Task brief
Only one stretch of the listing below is wanted. Begin at the line that has "Газовая варочная панель", stop after the line that has "Bernie Sanders Faces", and repeat every line in between exactly.

Input records
----

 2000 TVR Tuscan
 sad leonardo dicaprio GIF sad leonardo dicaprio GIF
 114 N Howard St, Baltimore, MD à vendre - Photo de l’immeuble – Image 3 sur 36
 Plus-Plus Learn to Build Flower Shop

----

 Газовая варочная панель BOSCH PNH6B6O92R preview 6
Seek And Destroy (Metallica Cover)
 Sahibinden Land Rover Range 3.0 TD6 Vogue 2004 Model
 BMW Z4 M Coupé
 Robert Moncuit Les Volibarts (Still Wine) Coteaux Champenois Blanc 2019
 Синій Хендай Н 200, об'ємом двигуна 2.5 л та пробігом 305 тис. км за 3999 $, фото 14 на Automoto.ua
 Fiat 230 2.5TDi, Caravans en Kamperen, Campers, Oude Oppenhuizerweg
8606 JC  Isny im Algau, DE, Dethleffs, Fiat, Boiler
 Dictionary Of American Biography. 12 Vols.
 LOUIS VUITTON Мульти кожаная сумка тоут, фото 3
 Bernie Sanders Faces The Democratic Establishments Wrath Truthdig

----

Solved problem
 Газовая варочная панель BOSCH PNH6B6O92R preview 6
Seek And Destroy (Metallica Cover)
 Sahibinden Land Rover Range 3.0 TD6 Vogue 2004 Model
 BMW Z4 M Coupé
 Robert Moncuit Les Volibarts (Still Wine) Coteaux Champenois Blanc 2019
 Синій Хендай Н 200, об'ємом двигуна 2.5 л та пробігом 305 тис. км за 3999 $, фото 14 на Automoto.ua
 Fiat 230 2.5TDi, Caravans en Kamperen, Campers, Oude Oppenhuizerweg
8606 JC  Isny im Algau, DE, Dethleffs, Fiat, Boiler
 Dictionary Of American Biography. 12 Vols.
 LOUIS VUITTON Мульти кожаная сумка тоут, фото 3
 Bernie Sanders Faces The Democratic Establishments Wrath Truthdig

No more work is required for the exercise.